The labels will change to describe the collapsed regions. If a region contains rows which all belong to the same cluster, then it will be labeled with the cluster id. If multiple clusters are present in a collapsed region then it will be labeled "multi-cluster".
The Mountain Visualization is used to visualize the relative similarity of clusters as well as their size, internal similarity, and internal deviation. In the mountain visualization, each cluster is represented as a peak in the 3D terrain. A peak's location, volume, height, and color are all used to protray information about the associated cluster.
The user can navigate through and around the 3D visualization by clicking and dragging the mouse over the 3D display. Different mouse buttons perform different actions.
The location of the peaks in the plane is determined using Multidimensional Scaling (MDS) on each of the cluster mid-points. MDS attempts to preserve the distances between vertices as they are mapped from a high dimensional space down to a lower dimensional space. In this application, cluster mid-points are used as vertices in MDS and are mapped to a two dimensional plane.
MDS allows users to make inferences about their data using the Mountain Visualization. For example, in Figure 3.3 a data matrix was clustered into ten clusters. The Moutain Visualization represents these ten clusters as ten peaks labeled by their cluster id. Although ten clusters were requested, MDS has placed the peaks in two distinct groups. We can infer that clusters within each group are strongly similar, while widely different from clusters in the other group. Thus, the visualization suggests the data would better lend itself to a two-way clustering.
The shape of each peak is a Gaussian curve.

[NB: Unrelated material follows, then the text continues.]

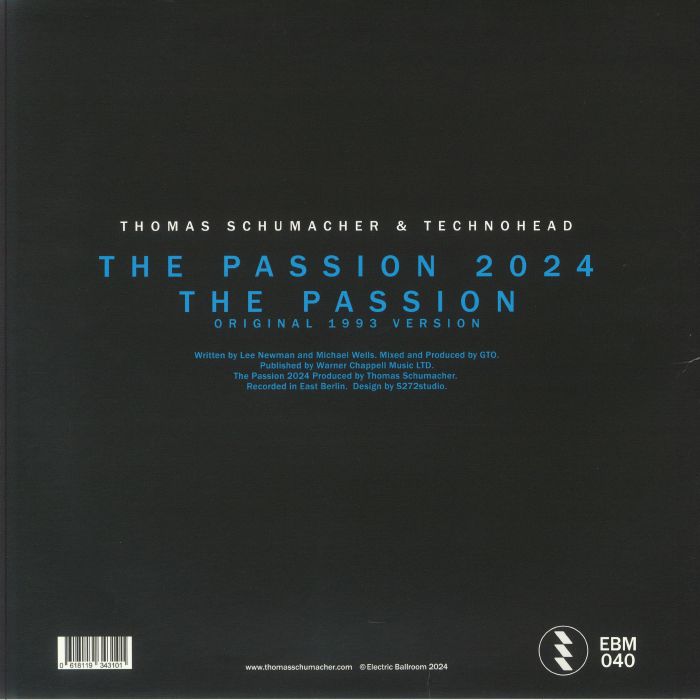 Thomas Schumacher Technohead The Passion 2024 Vinyl At Juno Records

This shape is used as a rough estimate of the distribution of the data within each cluster. The height of each peak is portional to the cluster's internal similarity. The volume of a peak is portional to the number of elements contained within the cluster. The resulting Gaussian curves are added togther to form the terrain of the Mountain Visualization.
Note: When comparing peak heights keep in mind that the Mountain Visualization has added the peak curves together. As seen in Figure 3.4, the resultant height is taller than the true height.
The color of a peak is proportional to the cluster's internal deviation. Red indicates low deviation where as blue indicates high deviation. Only the color at the tip of a peak is significant. At all other areas, the color is determined by blending to create a smooth transition.
Clicking on any label will load statistics about the associated cluster into the text window located below the visualization. This information is identical to the information found in the Solution Report. If column labels have been chosen for this data, then the Mountain Visualization can display the most common features above each peak. This option is called "Show Features" and is found in the "Mountain" menu.